#### How to complete this task
Emit a verbatim copy of the lines below from the line with "Дело то хорошее" through the line with "玲珑紫悦蓝山 玲珑紫悦蓝山", excluding pictures and everything outside that range.

Top of Exercise materials

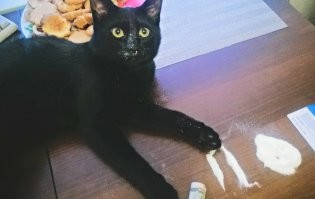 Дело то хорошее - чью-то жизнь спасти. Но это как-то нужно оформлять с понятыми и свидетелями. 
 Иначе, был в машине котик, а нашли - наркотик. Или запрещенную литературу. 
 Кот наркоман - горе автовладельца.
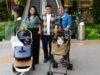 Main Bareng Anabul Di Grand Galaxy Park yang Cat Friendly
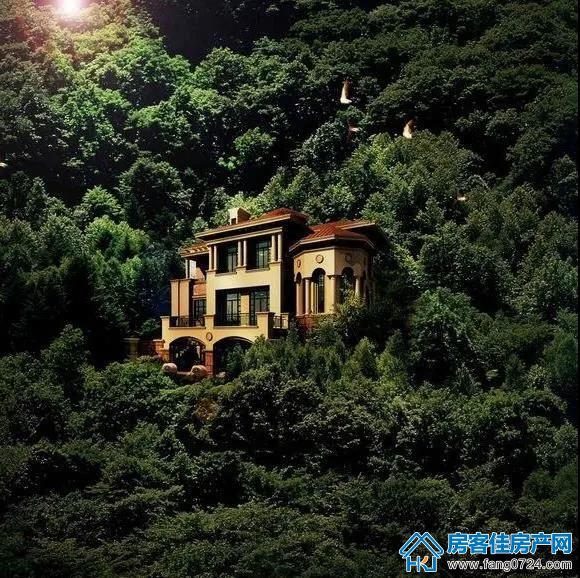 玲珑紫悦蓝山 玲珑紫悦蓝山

Bottom of Exercise materials
Top of Exercise materials

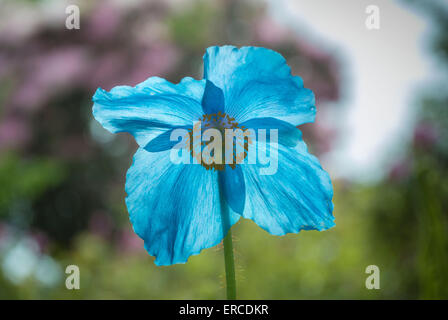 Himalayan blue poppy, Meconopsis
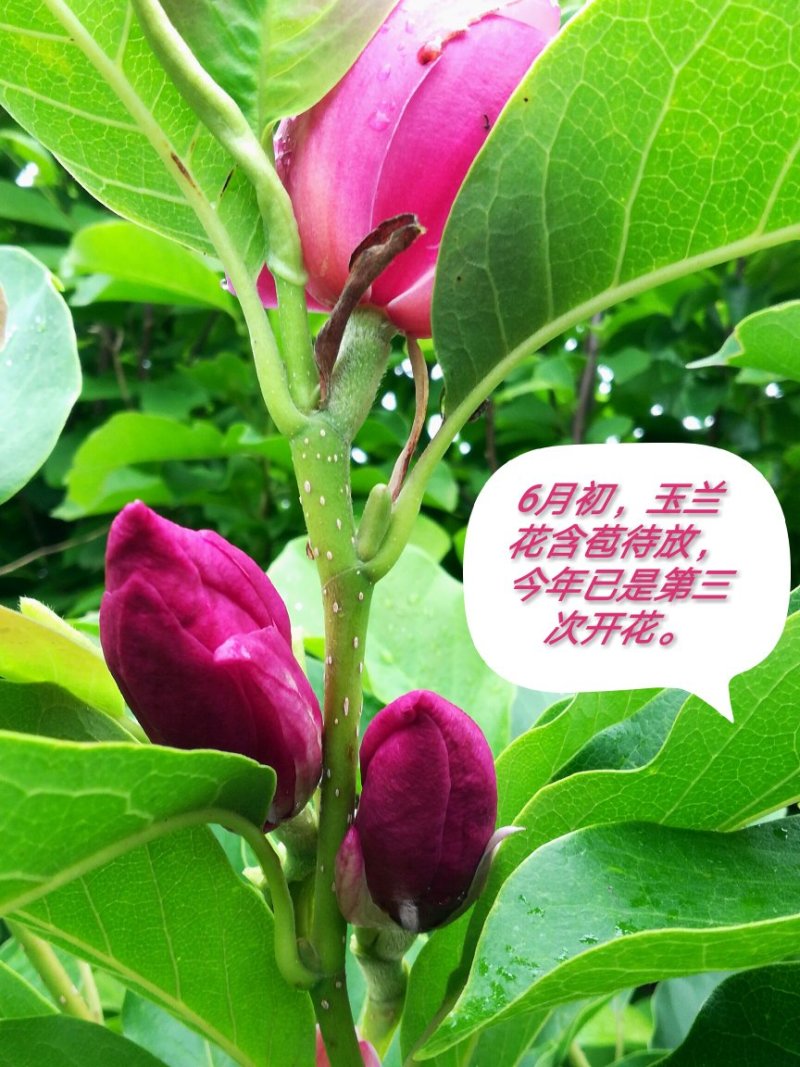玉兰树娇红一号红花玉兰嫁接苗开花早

Bottom of Exercise materials

#### Result
 Дело то хорошее - чью-то жизнь спасти. Но это как-то нужно оформлять с понятыми и свидетелями. 
 Иначе, был в машине котик, а нашли - наркотик. Или запрещенную литературу. 
 Кот наркоман - горе автовладельца.
 Main Bareng Anabul Di Grand Galaxy Park yang Cat Friendly
 玲珑紫悦蓝山 玲珑紫悦蓝山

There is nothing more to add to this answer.